Fazit: sprachlich okay, nette kleine Geschichte, allerdings ohne viel Tiefgang.

Uwe
:cool:

PS: A propos im Westen: Findet die Geschichte im Stadtgarten hier in Gelsenkirchen statt?
PPS: Sehen wir uns am 24. bei der Lesung in Gelsenkirchen?

 

Hallo Uwe

Viel Tiefgang war natürlich nicht möglich bei dem bisschen Text. Erhebt die Story ja auch kein Anspruch drauf.

Stadtgarten Gelsenkirchen ist nebenan!
Da komm ich als Zuhörer.

Schaaaaaaalllke

Viele Grüsse.

Udo

 

Cool ;) Ich wusste gar nicht, dass Du auch hier in GE wohnst. Na, dann bis zum 24.!

 

Hallo bluesnote,
das ist eine nette unterhaltsame Geschichte, die Du hier präsentierst. Ich halte sie zwar nicht für preisverdächtig, aber absolut unterhaltend. Wenn Dir das genügt...ich bin im allgemeinen damit zufrieden.
Allerdings halte ich „seltsam“ nicht für die richtige Rubrik. Ich hab’s eben nicht als seltsam empfunden.
.............
Zur Zeit saß er auf einer Bank im Park unterm Mond.
............der Satz ist mir aufgefallen. Fand ich gut.

Gruß
Manfred

 

Hallo Manfred

Vielen Dank für deine Meldung.
Ein bisschen unterhalten, das wars ja auch, was ich wollte.

Gruss.

Udo

 

Hallo Bluesnote,

nette kleine Geschichte, deren Ende tatsächlich etwas seltsam wirkt.

Einen Fehler hab ich gefunden:
-->...sah John, dass die Innenseiten der Hosenbeine sich vom Schritt an dunkel färbten.
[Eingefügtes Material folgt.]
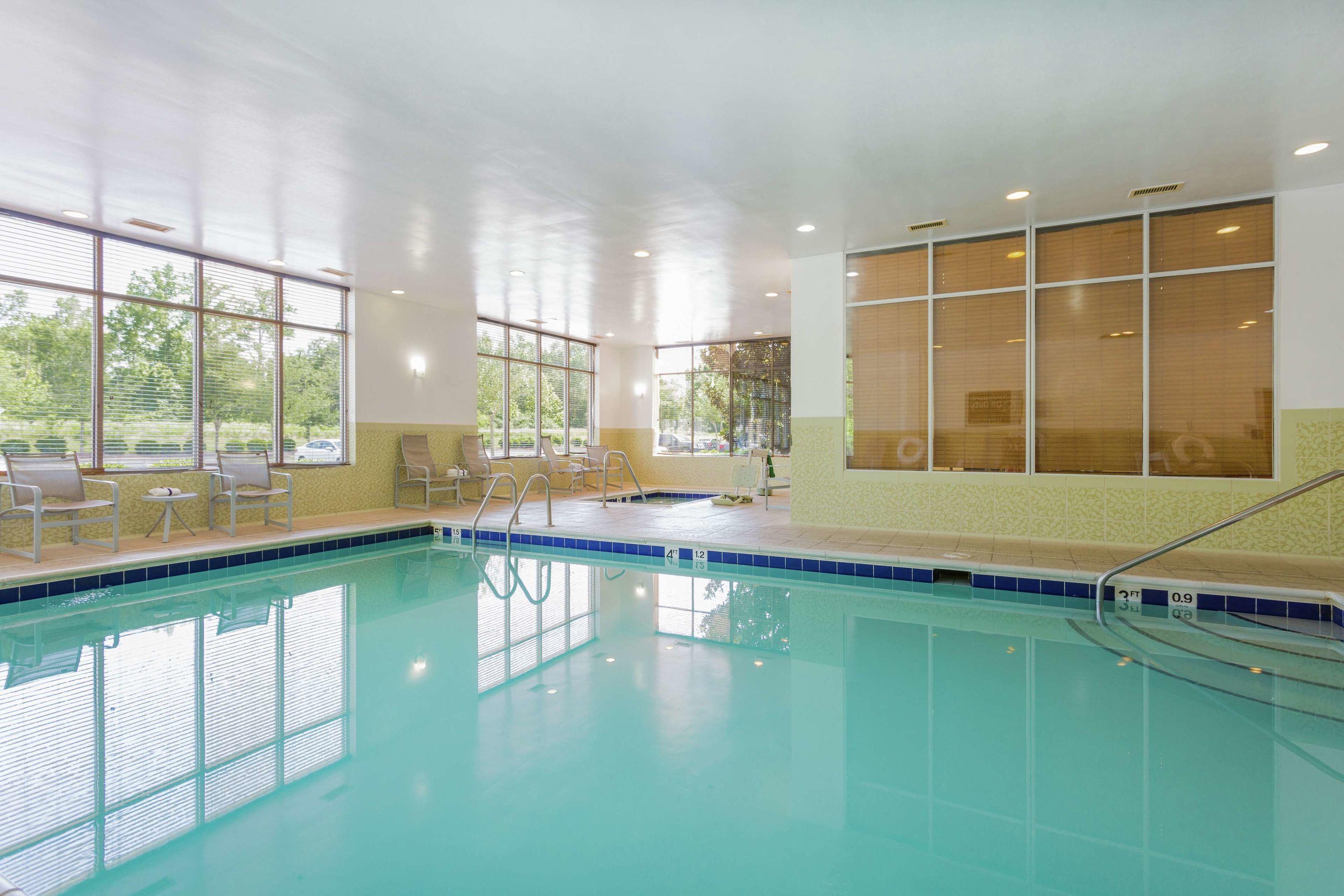 Hampton Inn Petersburg-Southpark Mall — photo 4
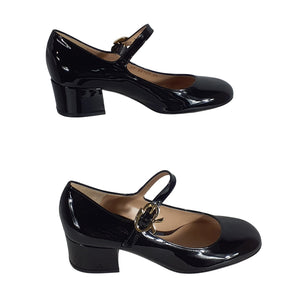 Gianvito Rossi Patent Black Mary Jane Pumps Size 5 US / IT 35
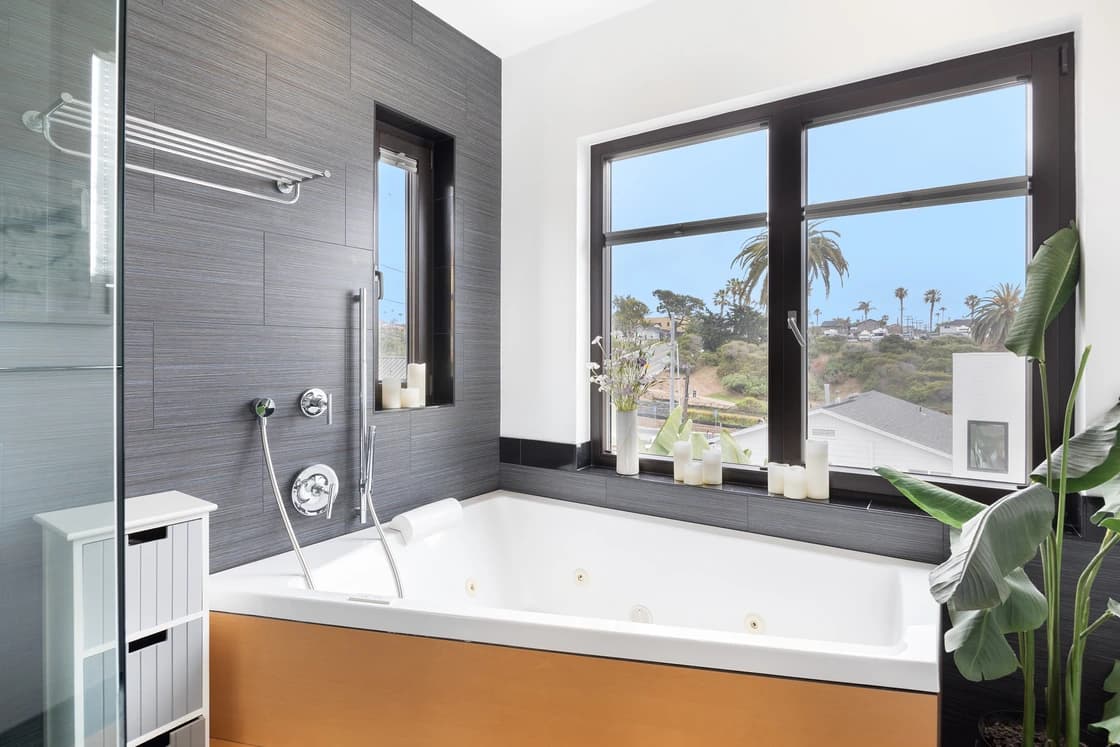 Moonlight Modern - Image 22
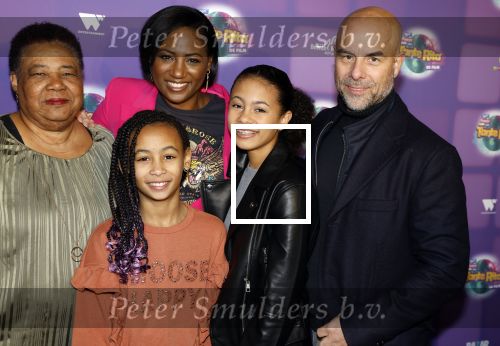 Amsterdam 17 december 2022
Premiere het feest van tante Ria in Pathe Noord .
Cast bestaat oa uit Najib Amhali Tooske Ragas Edo Brunner Edsilia Rombley Jack v gelder Pim Muda Thimo v Haaren  Ridder v Kooten Esther Mbire en Piet Tomassen. Edsilia Rombley kwam met haar man Tjeerd Oosterhuyis , hun kinderen en moeder en schoonmoeder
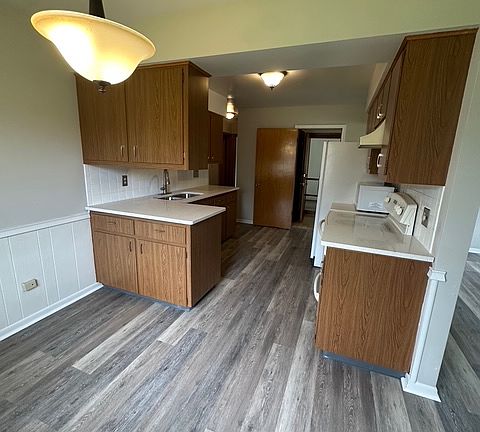 4th image of 1516 Robin Ln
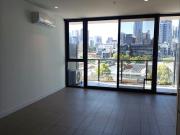 Stylish Apartment, Low Maintenance Appeal!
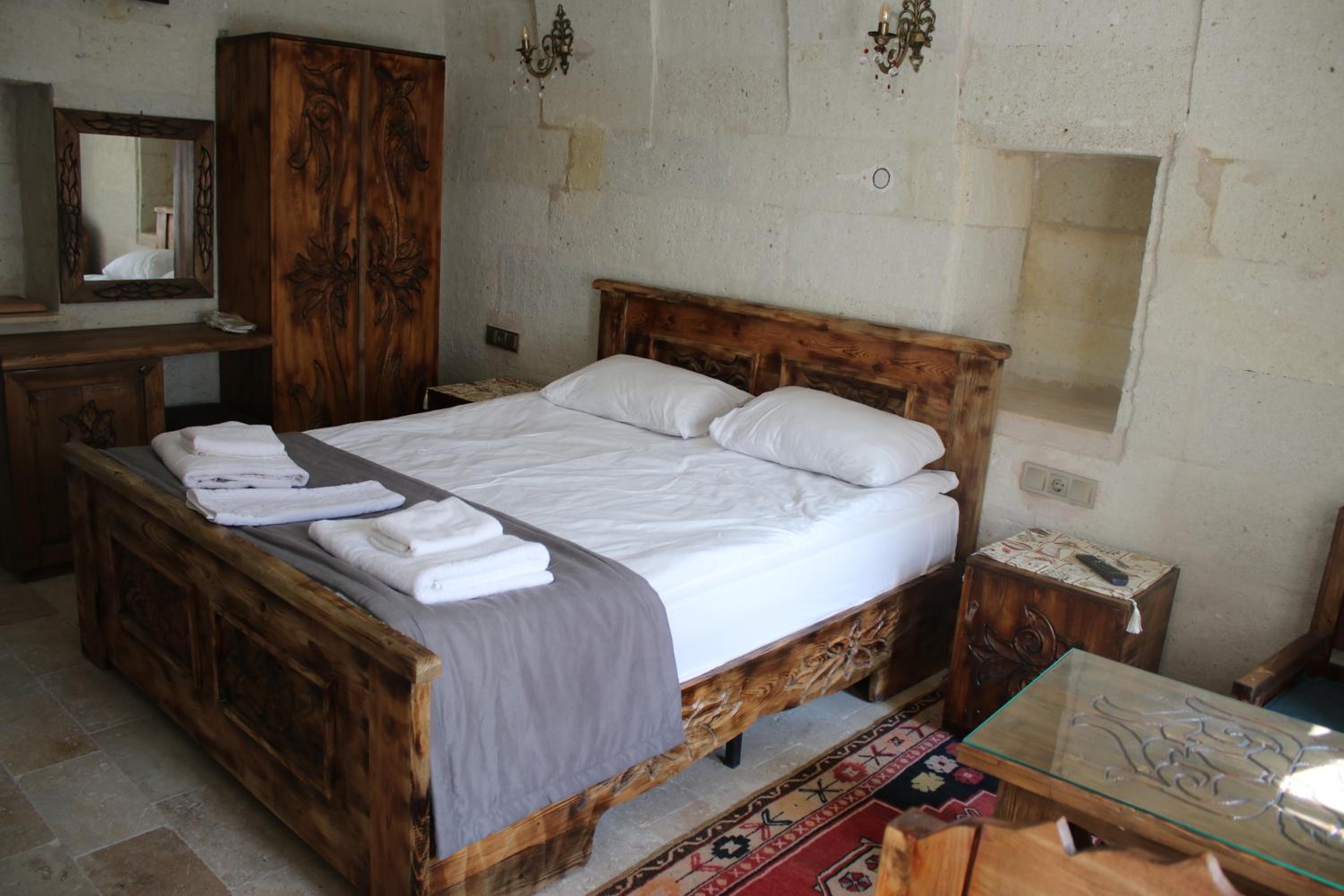 Budget Double Room - Photo 5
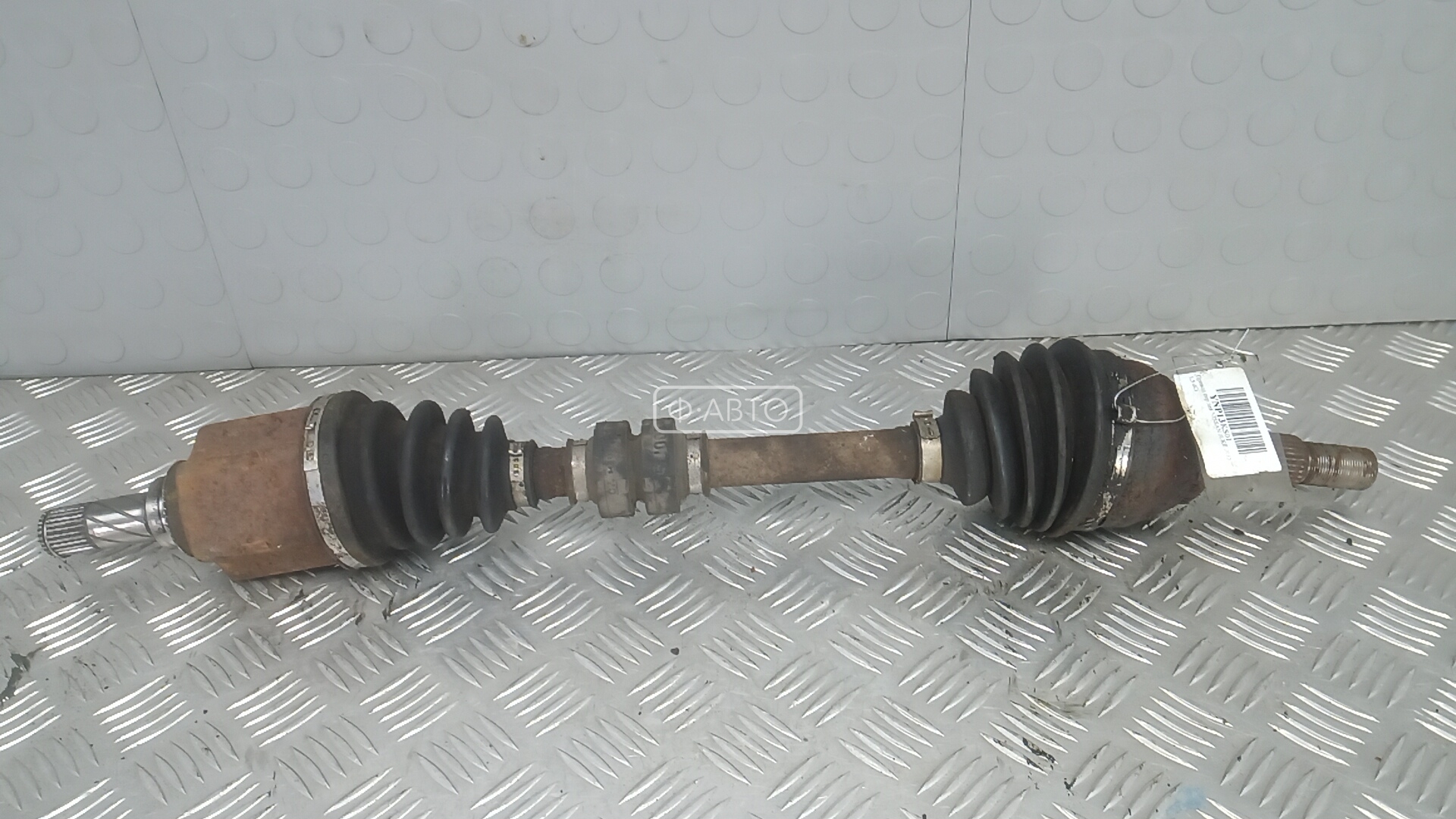 Привод передний левый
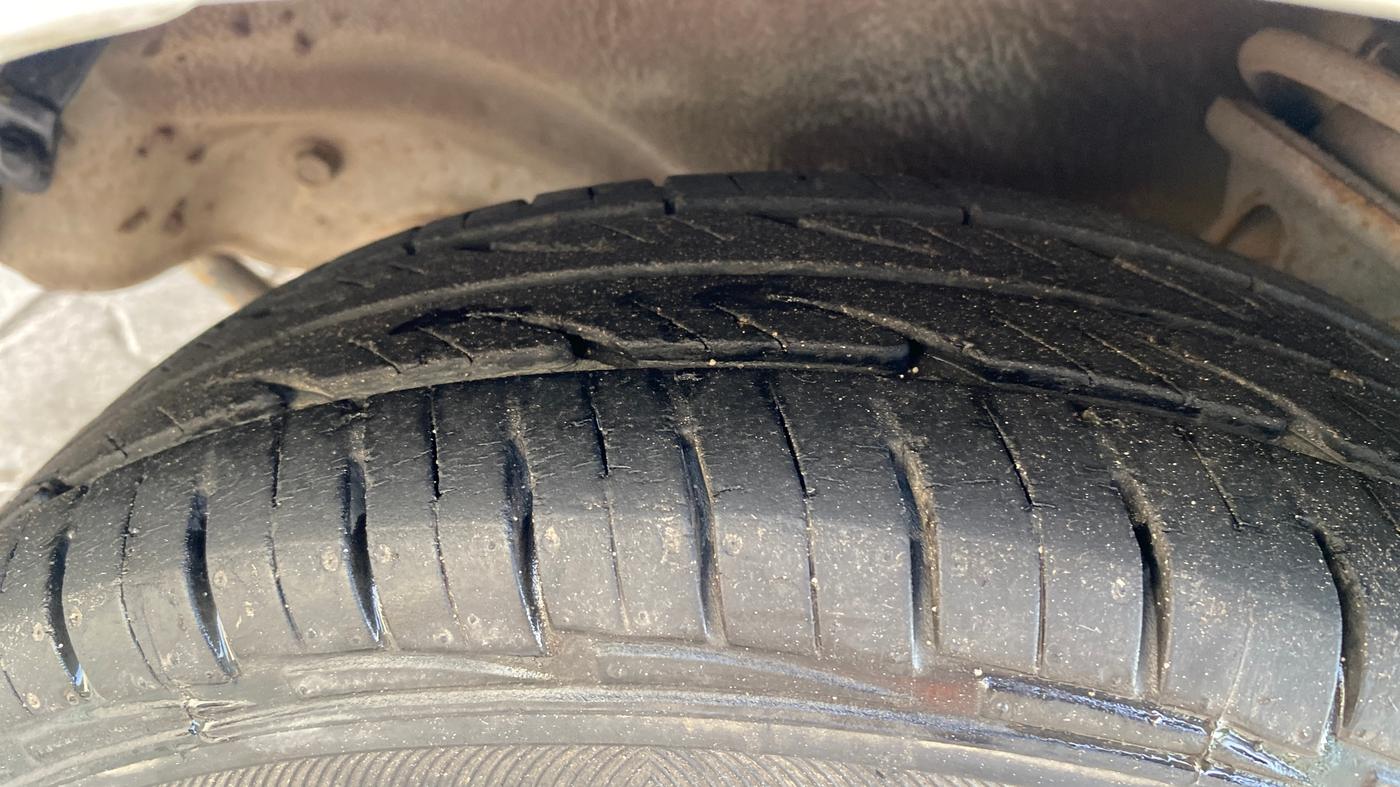 2018 Maruti Alto 800 LXI, Petrol, Manual, 21,862 km, Left Front Tyre Tread
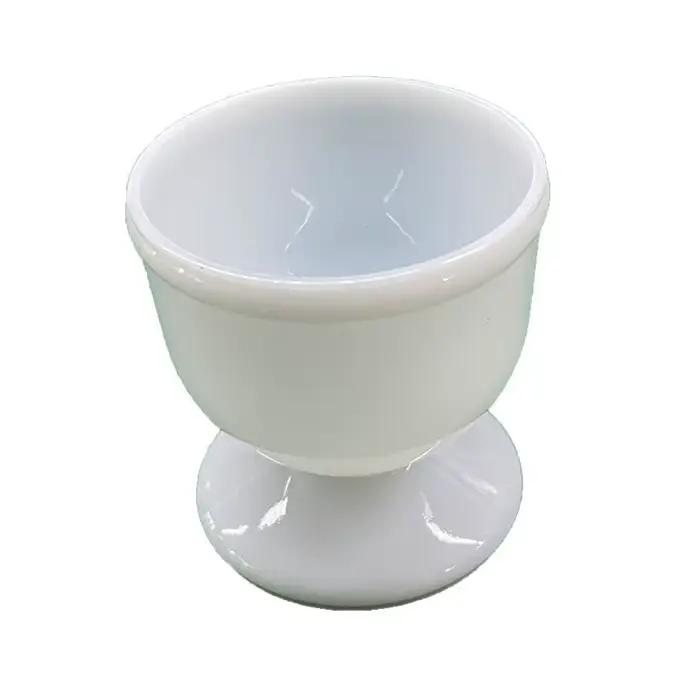 Tasses à œufs pochés, supports à œufs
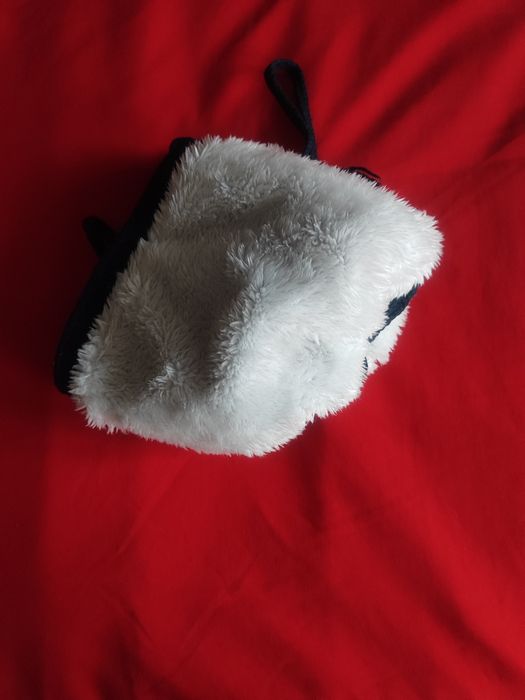 Теплые шапка и манишка на зиму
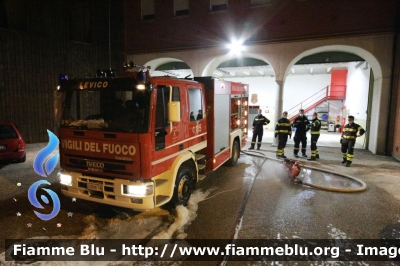 Iveco EuroFire 130E23 I serie
Vigili del Fuoco
Unione Distrettuale di Pergine Valsugana
Corpo Volontario di Levico Terme (TN)
AutoPompaSerbatoio allestimento Iveco-Magirus
VF F49 TN
Parole chiave: Iveco EuroFire_130E23_Iserie VFF49TN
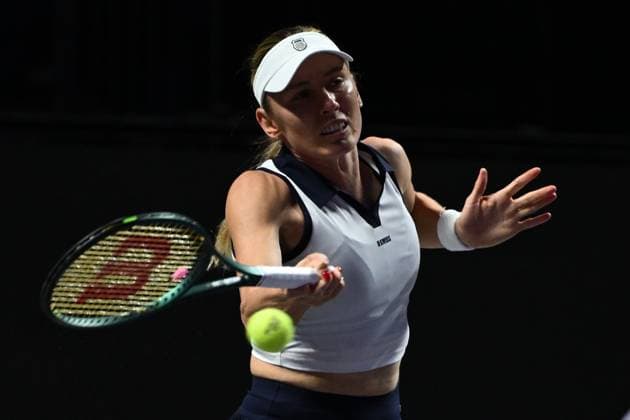 Elena Rybakina v Ekaterina Alexandrova - 2025 WTA, Tennis Damen Finals RIYADH, SAUDI ARABIA – NOVEMBER 5: Elena Rybakina (not seen) of Kazakhstan plays against Ekaterina Alexandrova during their final group-stage match on Day 5 of the 2025 WTA Finals, part of the Hologic WTA Tour, at King Saud University Indoor Arena in Riyadh, Saudi Arabia, on November 5, 2025. Artur Widak Anadolu Riyadh Saudi Arabia. Editorial use only. Please get in touch for any other usage.  Copyright: x2025xAnadoluxArturxWidakx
Es scheint mir nicht logisch, dass sich der Typ zuerst in die Hose pisst und dabei seine Knarre aus dem Hosenbund zu entwirren versucht. Er gibt ja am Ende zu erkennen, dass er das Schauspiel durchschaut hatte und erschießt den schlechten Schauspieler. Er war also stets in der stärkeren Position.
Hm...*grübel*

Ich finde auch den Titel nicht passend.
Warum hast du ihn gewählt?

Liebe Grüße
Apfel..

 

Hallo Apfelsineorange

Ich hätte es mehr rüberbringen müssen - ist es nun wirklich nur der Zeigefinger oder am Ende doch eine Waffe. Auf einer anderen Literaturseite hatte eine Autorin die richtige Idee. Der letzte Dialog des Überfallenen fiel einfach so gut wie weg. Dann passts besser.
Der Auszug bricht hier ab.